Académie suédoise Nobel 2020. - Photo RickardL.Eriksson
Nobel, la fin des scandales ?
Il y a trois ans, en plein déferlement #MeToo, des accusations de viols révélées dans la presse faisaient exploser la prestigieuse académie suédoise, en charge de remettre le prix Nobel de littérature. Un an plus tard, une double couronne était remise, l'une d'elles allant au controversé auteur autrichien Peter Handke. Après les années de polémiques, et alors que le prix 2020 sera annoncé le 8 octobre, le Nobel peut-il (vraiment) se réformer ?
Il y avait quelque chose de pourri au royaume du Nobel de littérature. Nous sommes fin 2017 et un Français plonge l'académie suédoise, et avec elle le prix littéraire le plus convoité de la planète, dans la tourmente.
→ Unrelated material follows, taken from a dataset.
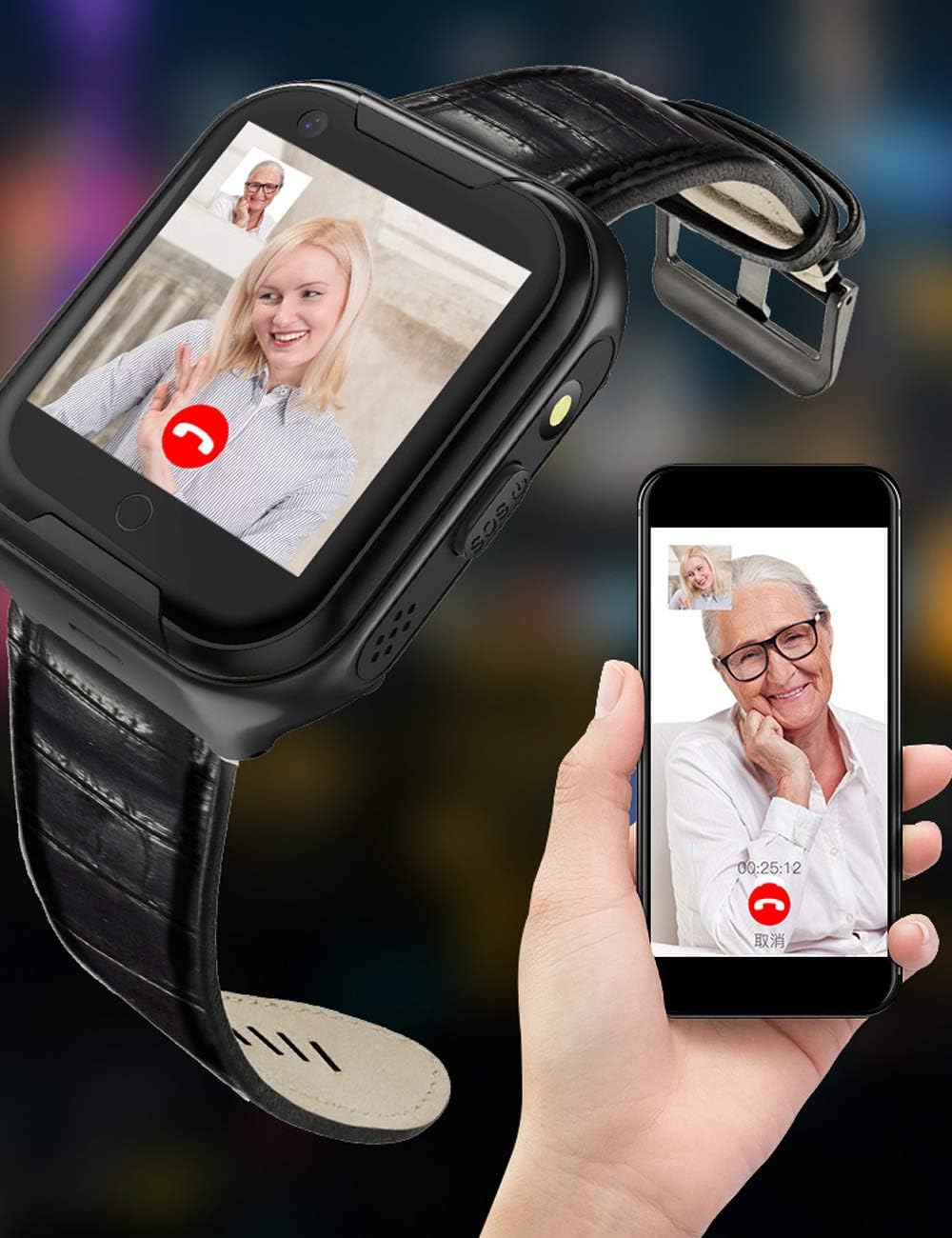 Elderly GPS Smart Watch Laxcido 4G Heart Rate Blood Pressure elderly-gps-smart-watch-laxcido-4g-heart-rate-blood-pressure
Dans le sillage du mouvement #MeToo, Jean-Claude Arnault, marié à une académicienne, est accusé dans la presse suédoise par dix-huit femmes d'avoir utilisé son influence dans le milieu littéraire et intellectuel pour abuser d'elles sexuellement. Une centaine d'autres accusations suivront. S'il a depuis été condamné, emprisonné (et même libéré), son cas divise alors les membres de l'académie. Le ton monte, les « immortels » se déchirent, les dossiers sont déterrés. Entre révélations ur des malversations financières et fuites autour des annonces des prix, le public perd sa confiance dans la première institution intellectuelle du pays. Les démissions s'y enchaînent jusqu'à aboutir à l'impensable : l'annulation de la remise du Nobel 2018 et son report à 2019.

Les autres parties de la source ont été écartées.